Scraped caption text data:
■ ■ ■ ■ ■ ■ ■
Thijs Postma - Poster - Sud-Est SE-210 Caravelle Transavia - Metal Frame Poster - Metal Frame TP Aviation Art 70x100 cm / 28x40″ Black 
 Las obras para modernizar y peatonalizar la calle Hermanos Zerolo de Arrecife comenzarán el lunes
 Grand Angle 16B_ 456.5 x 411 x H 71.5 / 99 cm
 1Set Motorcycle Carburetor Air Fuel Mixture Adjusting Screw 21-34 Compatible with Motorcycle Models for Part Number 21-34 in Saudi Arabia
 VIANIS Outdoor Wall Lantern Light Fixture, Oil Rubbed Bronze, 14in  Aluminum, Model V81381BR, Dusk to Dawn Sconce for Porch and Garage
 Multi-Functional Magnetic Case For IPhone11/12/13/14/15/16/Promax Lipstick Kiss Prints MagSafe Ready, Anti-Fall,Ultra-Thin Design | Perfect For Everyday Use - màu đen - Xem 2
■ ■ ■ ■ ■ ■ ■
Problem requirements: Set down all the entries again, word for word.

Reply:
Thijs Postma - Poster - Sud-Est SE-210 Caravelle Transavia - Metal Frame Poster - Metal Frame TP Aviation Art 70x100 cm / 28x40″ Black 
 Las obras para modernizar y peatonalizar la calle Hermanos Zerolo de Arrecife comenzarán el lunes
 Grand Angle 16B_ 456.5 x 411 x H 71.5 / 99 cm
 1Set Motorcycle Carburetor Air Fuel Mixture Adjusting Screw 21-34 Compatible with Motorcycle Models for Part Number 21-34 in Saudi Arabia
 VIANIS Outdoor Wall Lantern Light Fixture, Oil Rubbed Bronze, 14in  Aluminum, Model V81381BR, Dusk to Dawn Sconce for Porch and Garage
 Multi-Functional Magnetic Case For IPhone11/12/13/14/15/16/Promax Lipstick Kiss Prints MagSafe Ready, Anti-Fall,Ultra-Thin Design | Perfect For Everyday Use - màu đen - Xem 2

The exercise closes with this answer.